→ **Task requirements**: Every line in the listing below from the one with "Snow White - Luxury" through the one with "2025 Toddler &" is to be reproduced exactly, both ends included; leave out the rest.

→ **Data**:
[Start of section]
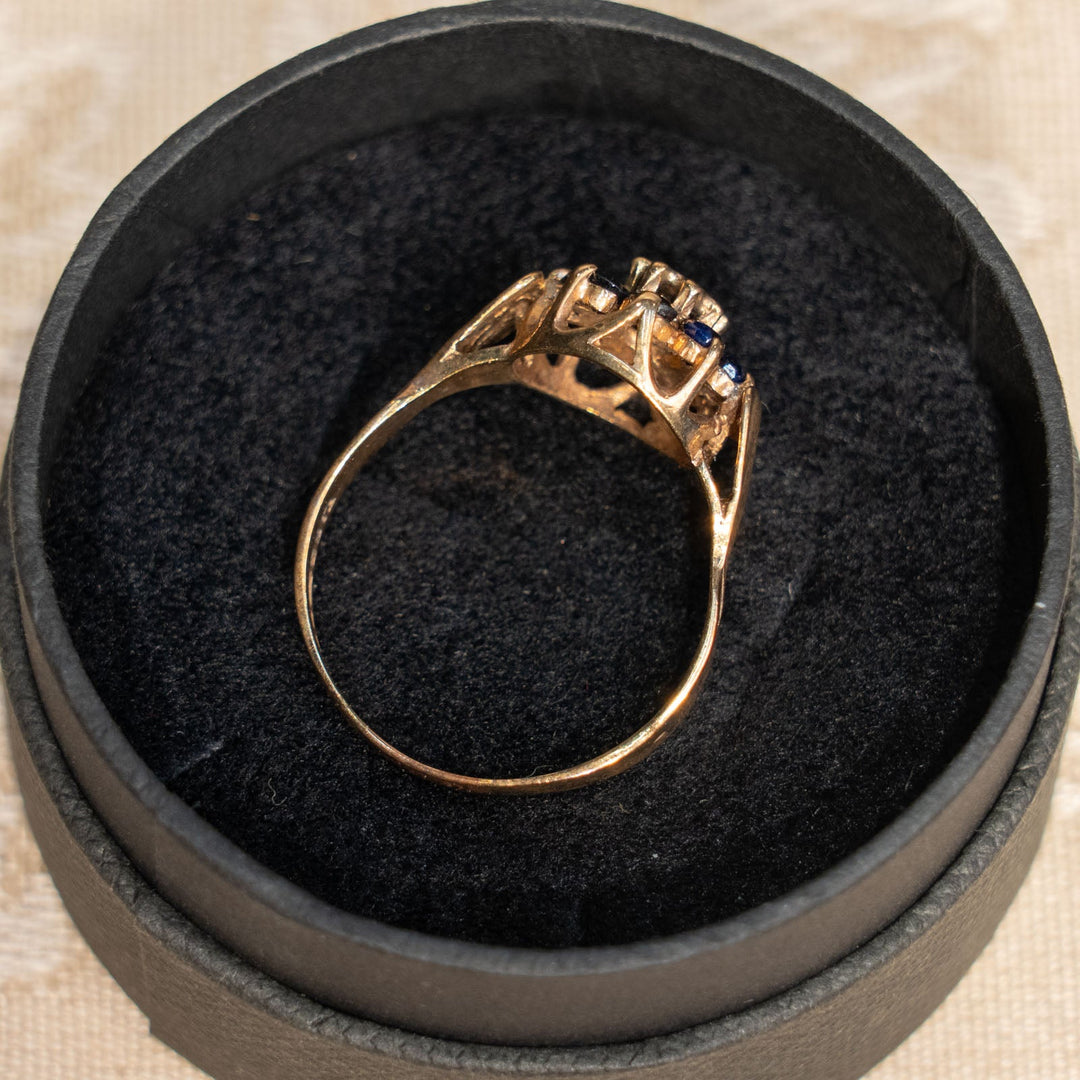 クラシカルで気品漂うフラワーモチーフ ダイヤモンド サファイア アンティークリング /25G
[End of section]
[Start of section]
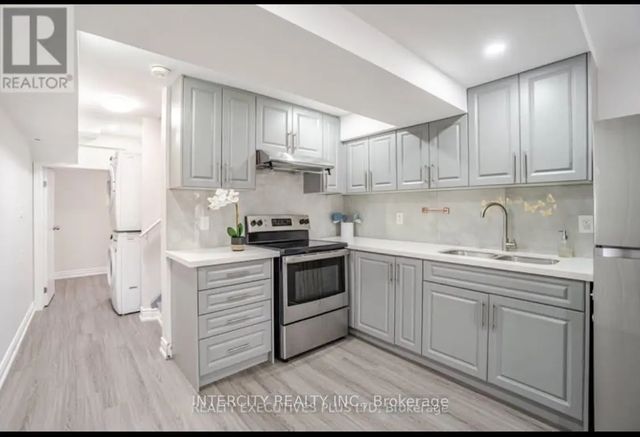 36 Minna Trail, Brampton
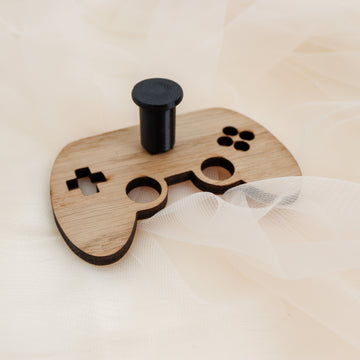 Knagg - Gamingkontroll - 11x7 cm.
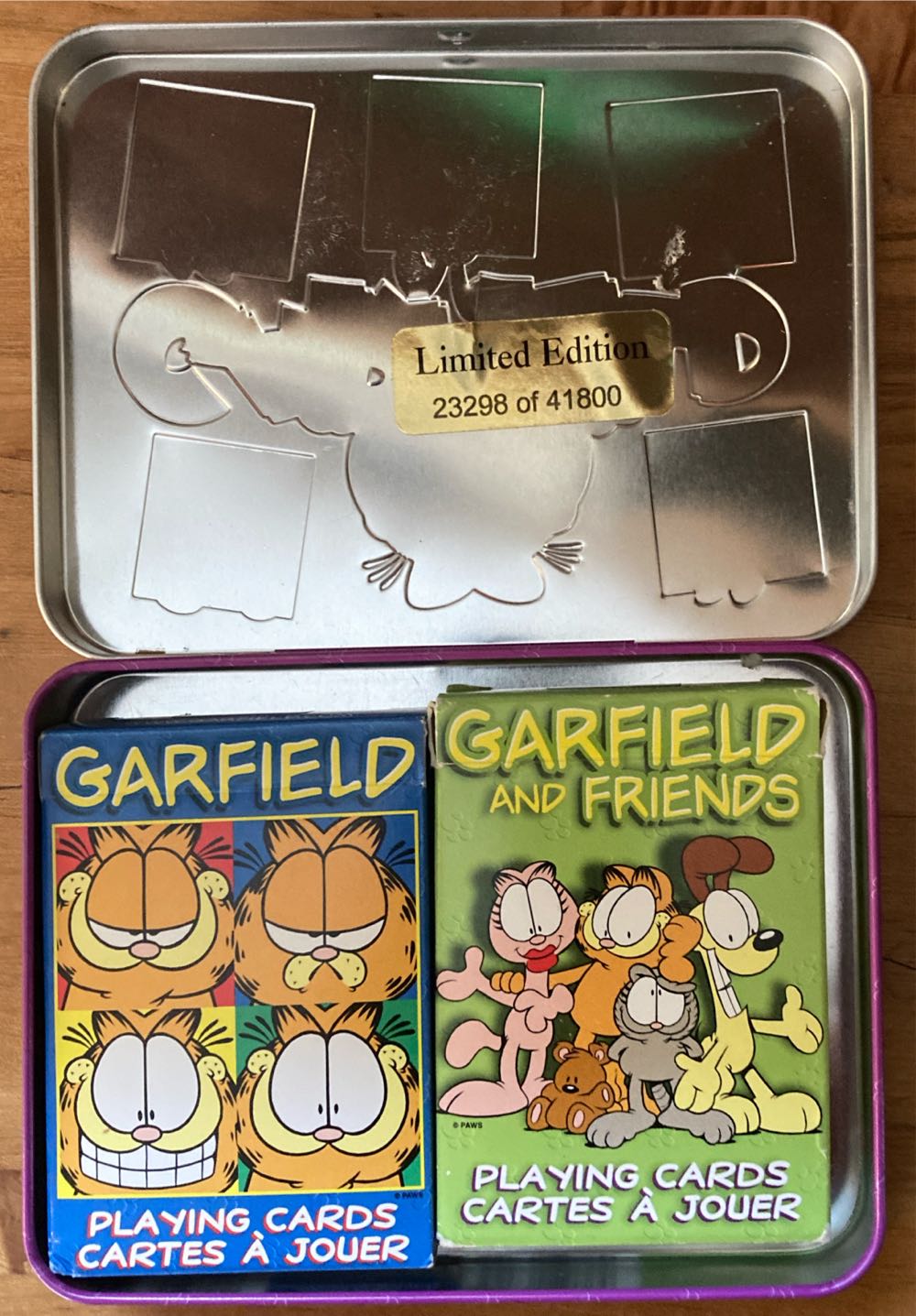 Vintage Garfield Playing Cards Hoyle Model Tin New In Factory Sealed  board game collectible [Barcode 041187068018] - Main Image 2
[End of section]
[Start of section]
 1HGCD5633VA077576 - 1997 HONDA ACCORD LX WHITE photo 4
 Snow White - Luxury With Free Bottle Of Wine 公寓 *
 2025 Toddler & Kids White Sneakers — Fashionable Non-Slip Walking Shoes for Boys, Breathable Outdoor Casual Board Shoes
[End of section]
→ **Response to the task**:
 Snow White - Luxury With Free Bottle Of Wine 公寓 *
 2025 Toddler & Kids White Sneakers — Fashionable Non-Slip Walking Shoes for Boys, Breathable Outdoor Casual Board Shoes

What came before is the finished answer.